* TASK DIRECTIONS *
Please copy the lines below, exactly as they are, from the one with "Vivienne Westwood Gray" through the one with "Oval 3 Ayak", and leave out the pictures.

* DATA RECORDS *

§

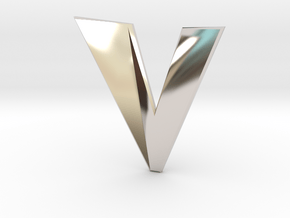 Distorted letter V in Platinum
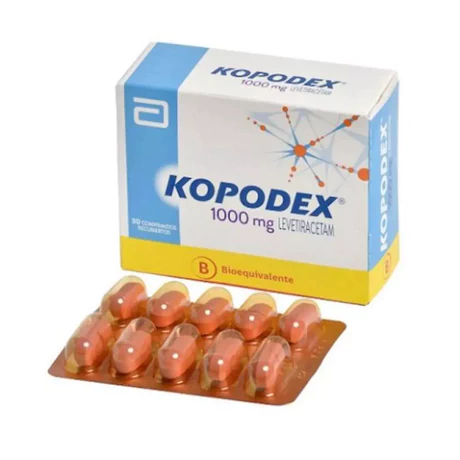 KOPODEX (B) LEVETIRACETAM 1000MG 30 COMPRIMIDOS RECUBIERTOS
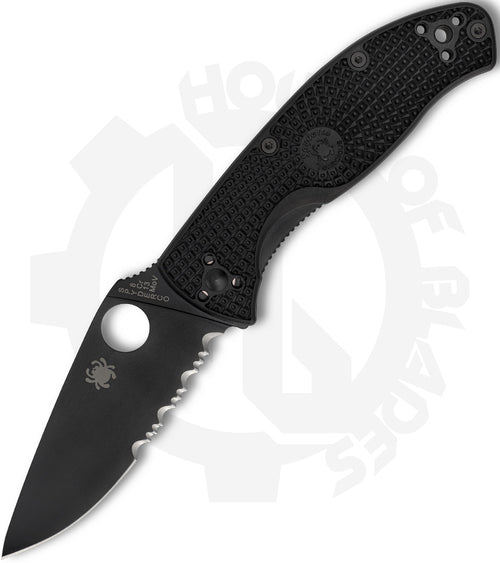 Spyderco Tenacious Lightweight C122PSBBK - Black, Black FRN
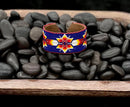 Double Feather Beaded Band Bracelets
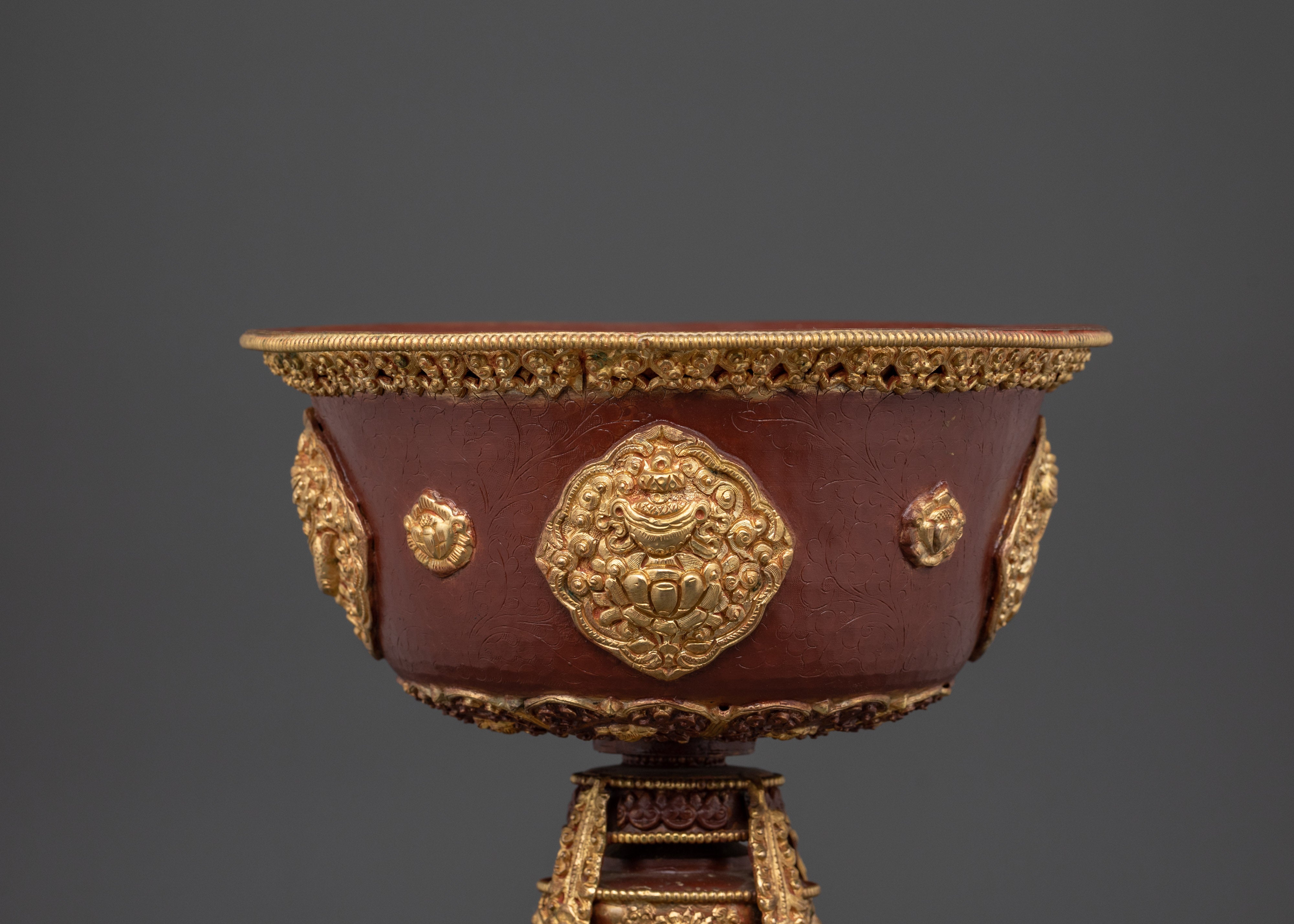 Tibetan Butter Ritual lamp | Traditional Buddhist Offering Light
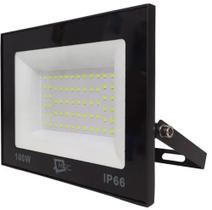 Luminária Refletor Holofote 100W Led Verde Bivolt Ip-66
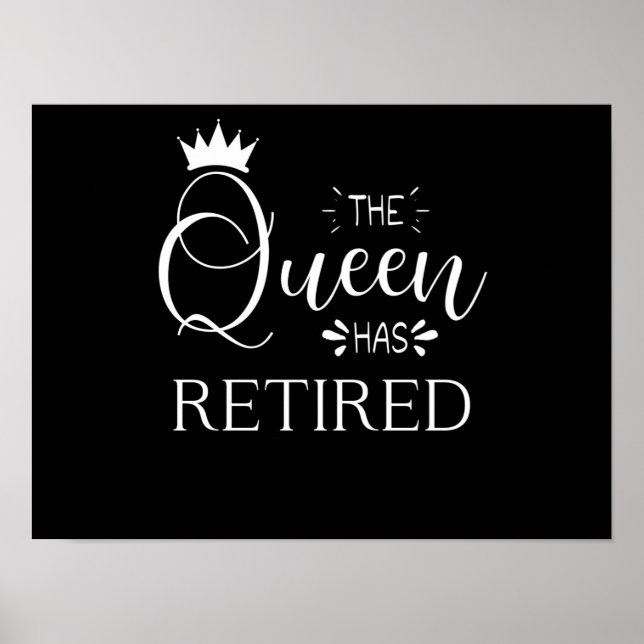 Poster La reine a pris sa retraite cadeau 2022 pour elle (Devant)
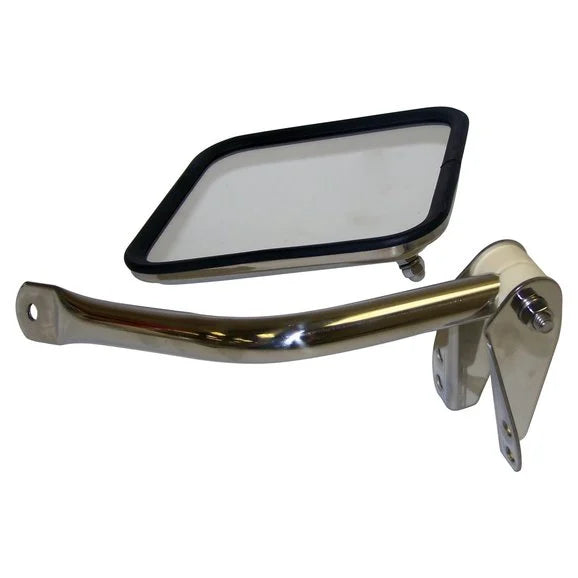 Load image into Gallery viewer, Crown Automotive RT30009 Passenger Side Mirror Kit in Stainless Steel for 55-86 Jeep CJ Series
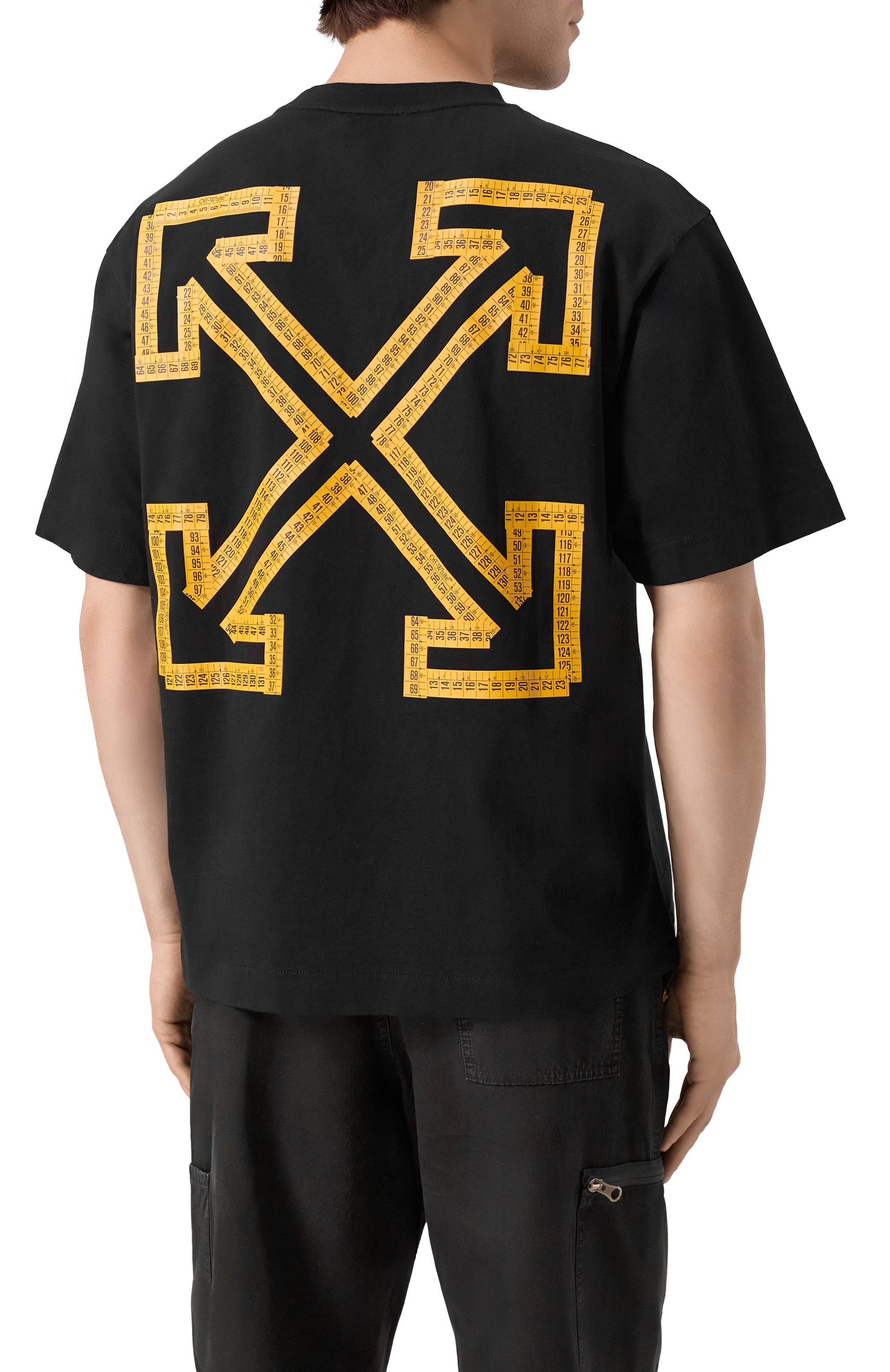 Хлопковая футболка OFF-WHITE, арт. 0MAA120S25JER00D, фото 4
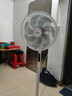 美的（Midea）【飓风节能】七叶柔风立式电风扇/家用轻音落地扇/台式小型风扇/大风力遥控定时摇头风扇 SAH35BSJ 实拍图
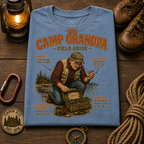 Camp Grandpa Field Guide Comfort Colors Tee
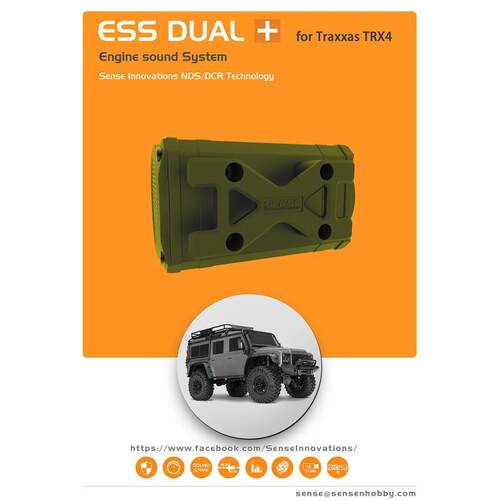 ESS ONE+三石DUAL+双喇叭仿真油门遥控车联动声组trx4攀爬车用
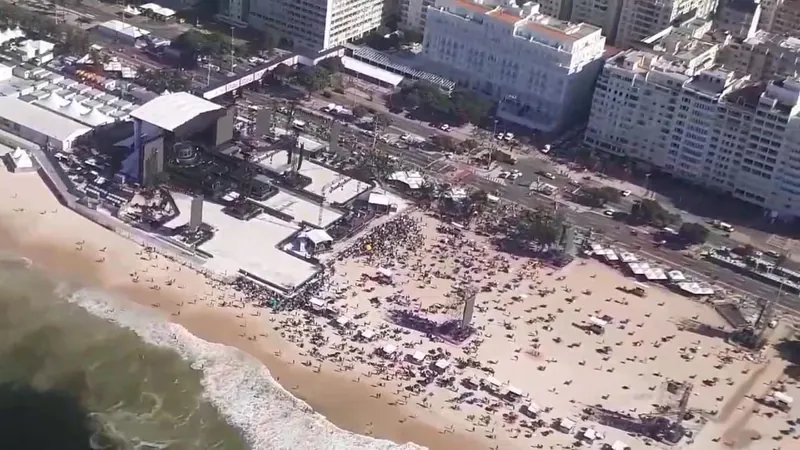 Copacabana deve receber 1,5 milhão de fãs de Madonna neste sábado (04)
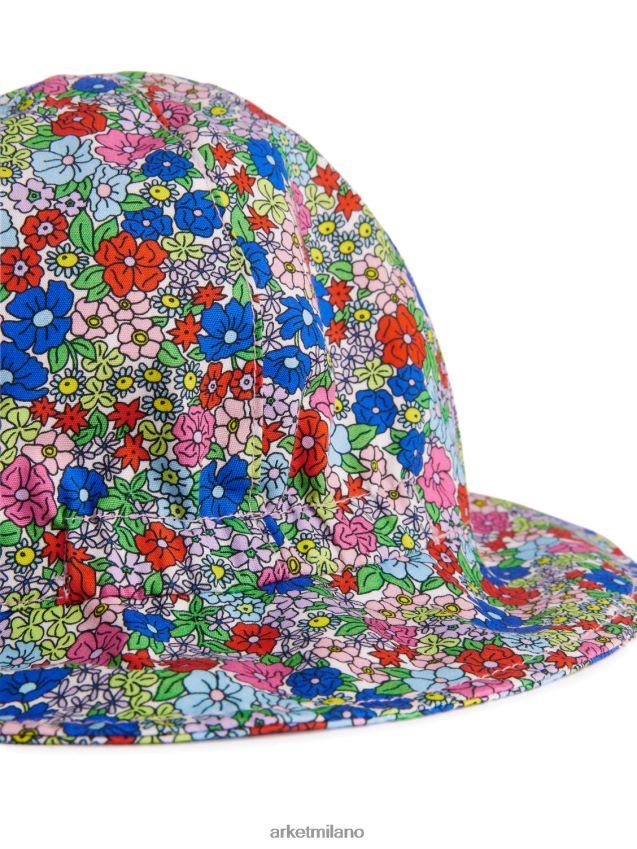 Accessori esso ARKET bambini cappello da sole in popeline multi/fiori 6F0F6L1774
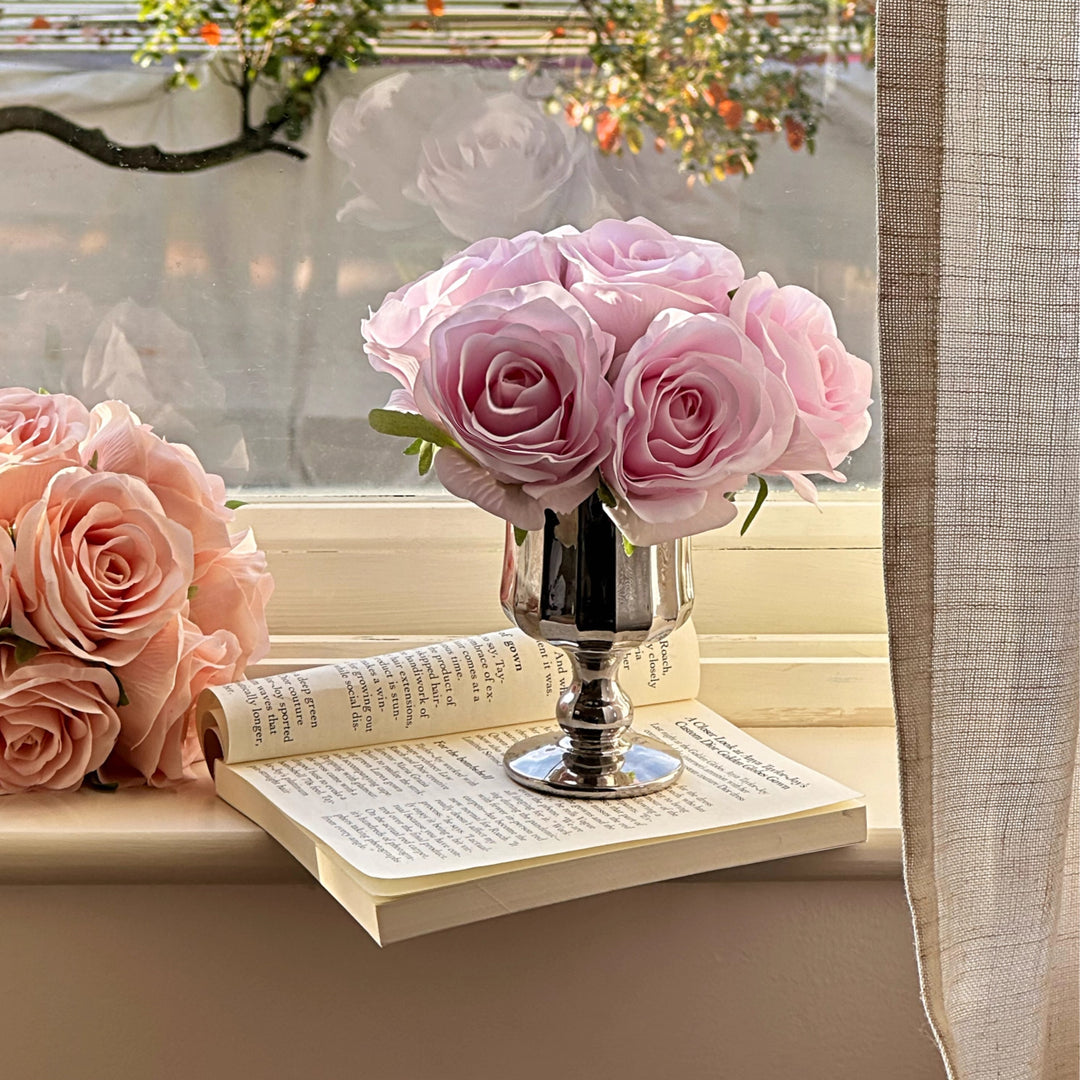 Elegant Faux Rose Flower Arrangement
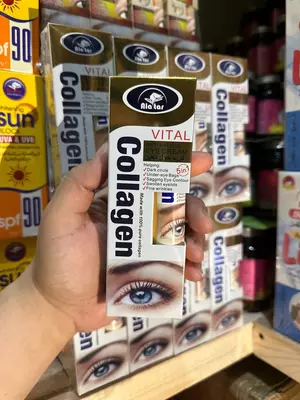 Крем с коллагеном для ухода за кожей вокруг глаз Крем с коллагеном для ухода за кожей вокруг глаз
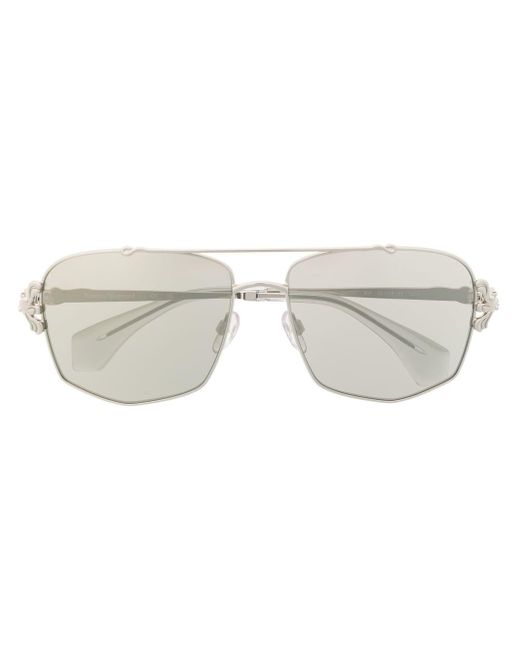 Vivienne Westwood Gray Pilot-frame Tinted Sunglasses for men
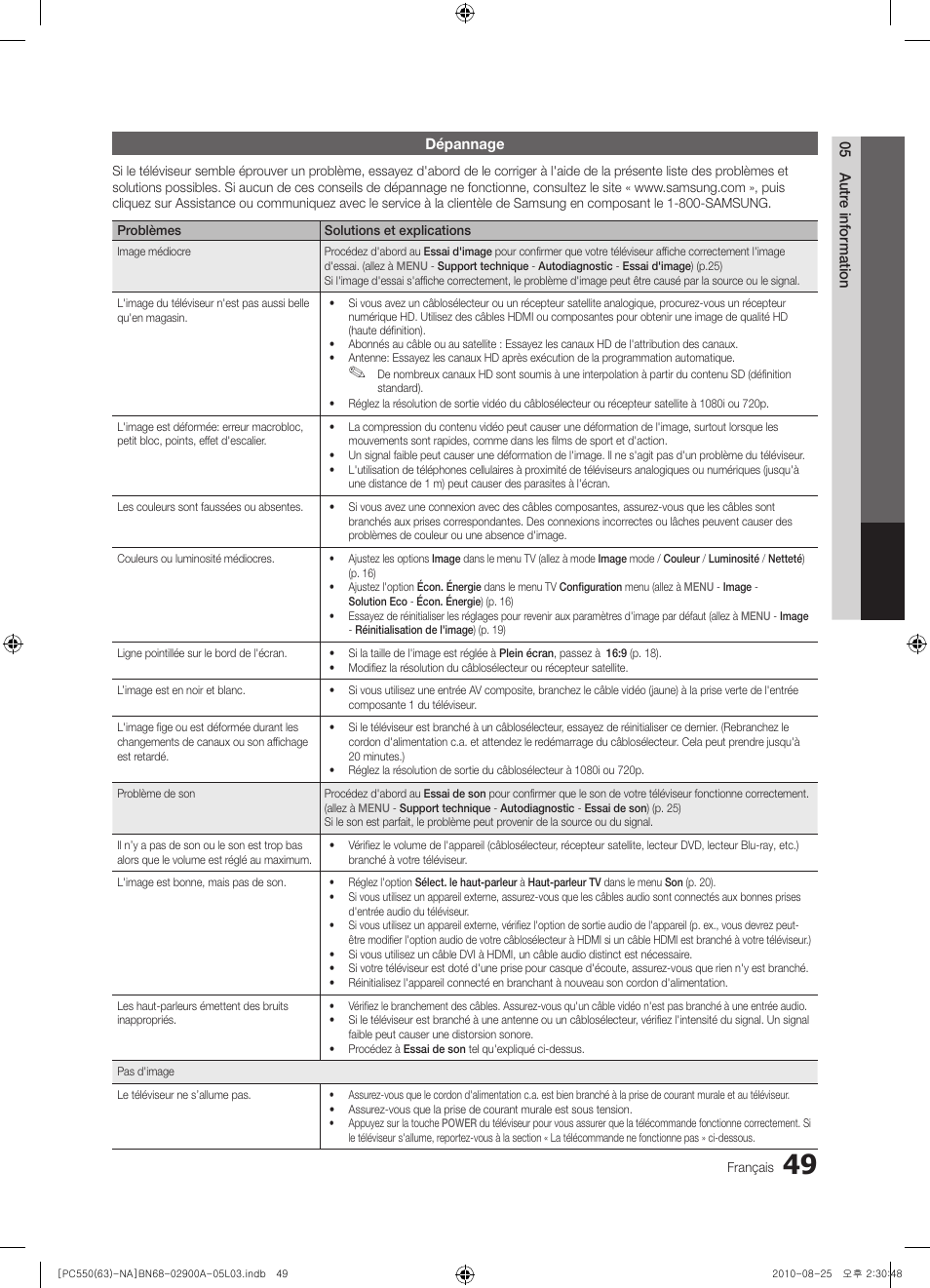 Samsung PN63C590G4FXZA User Manual | Page 157 / 163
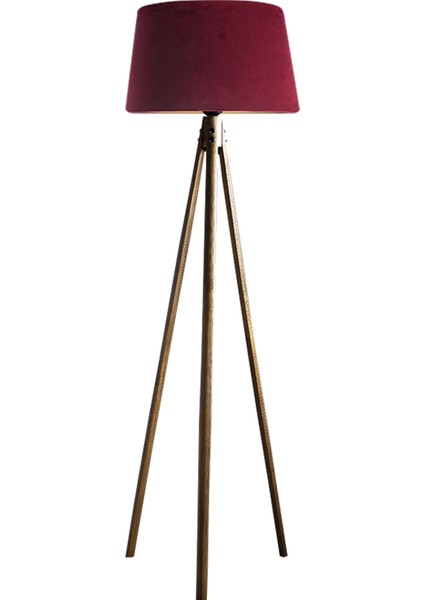 Oval 3 Ayak Tripod Lambader Abajur Avize Aydınlatma Ahşap Naturel Ağaç Country Dekor Lamba Aplik Masif Doğal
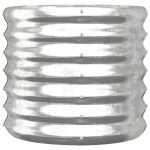 Set od 4 vrtne pregrade, Srebrna, 39,9 × 39,9 × 36,1 cm - Image 3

§

* EXERCISE OUTPUT *
 Vivienne Westwood Gray Pilot-frame Tinted Sunglasses for men
 Samsung PN63C590G4FXZA User Manual | Page 157 / 163
 Oval 3 Ayak Tripod Lambader Abajur Avize Aydınlatma Ahşap Naturel Ağaç Country Dekor Lamba Aplik Masif Doğal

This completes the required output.